Todavia, à luxúria, à devassidão, à falta de humildade — “vivemos como se fôramos imortais e não houvesse eternidade” (p. 110) — opõe-se um caminho de virtude que pode ser trilhado. Através da negação do excesso e do cultivo da modéstia e do recato, a mulher poderá sempre fazer um percurso do mal para o bem, tal como o fizera outrora a mais pecadora das mulheres bíblicas — Maria Madalena. A figura arrependida de Madalena, a confissão, a humildade, a oração, a devoção ao rosário mariano, levam a mulher leviana ao encontro do exemplo da Virgem Mãe, redentora de todos os vícios.

E, se estes são os meios pelos quais o género feminino se pode redimir da sua condição primordial, mulheres houve que através destes merecem o devido destaque no sermonário de Vieira, entre elas mártires, santas e até rainhas, ainda que esta coragem feminina de escolher o caminho da virtude seja muitas vezes vista como atitude “varonil”…

Porém, Vieira aborda também no seu sermonário uma propriedade natural da mulher que a destaca na virtude do seu ser à partida maculado: o dom da maternidade. De facto, é através desta capacidade exclusivamente feminina que as descendentes de Eva, em certa medida, surgem como entidade superior ao homem, segundo os autores da monografia recenseada. O homem foi feito para se tornar pó, a mulher para dar lugar a outro ser. Nesta perspectiva, “por meio do acto de parir experimenta-se a passagem do não ser ao ser, encontrando-se aí o verdadeiro resumo de toda a Criação”, pois “por meio da maternidade atinge-se a imortalidade, já que a sucessão significa uma segunda vida ou uma antecipada ressurreição” (p. 149).

Nestes termos, em nossa opinião, Franco e Cabanas, ao passarem da análise da mulher-pecado para a análise da mulher-redenção ao longo do seu livro, deixam transparecer que Vieira não pretende ser apenas avesso à natureza da mulher, mas denota igualmente que de grandes faculdades está o género feminino dotado: “O estudo comparativo serviu-nos quer para confirmar, quer para relativizar estereótipos tocantes à concepção do universo feminino” (p. 203).
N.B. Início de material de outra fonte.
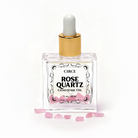Crystal Body Oil Trio with Rose Quartz, Citrine, and Obsidian gemstones in elegant bottles for skincare and gemstone therapy.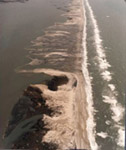 The 1998 storm redistributed tremendous amounts of sand, building new areas of land along the bay side of the island. 23 kb The 1998 storm redistributed tremendous amounts of sand, building new areas of land along the bay side of the island. 23 kb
Se é certo que “a visão androcêntrica domina a oratória sagrada de Setecentos” (p. 193), repetem os autores várias vezes ao longo deste estudo, e se é certo que Vieira plasmou nos seus escritos essa percepção misógina e paradoxal que se vivia em plena época barroca (e desde há muitos séculos), é também de notar que o jesuíta era um homem do seu tempo e que, mesmo assim, deixou na sua obra uma aversão às mulheres menos acérrima do que muitos.

Este completo catálogo vieirino, valorizado também com incursões a textos de autores que articularam este mesmo assunto explorado por Vieira e a referências plásticas da mulher nas artes, é um livro a ter em conta pela sua tese no âmbito dos estudos vieirinos e pela cadência notável do seu raciocínio.

Depois da sua edição pela Editora Campo das Letras (Porto) e pela Arké (São Paulo) em 2008, encontra-se agora no prelo, para sair ainda em 2010, a tradução italiana pela Aracne Editrice (Lanuvio), confirmando assim que esta é uma publicação a que vale a pena voltar dois anos após o seu lançamento.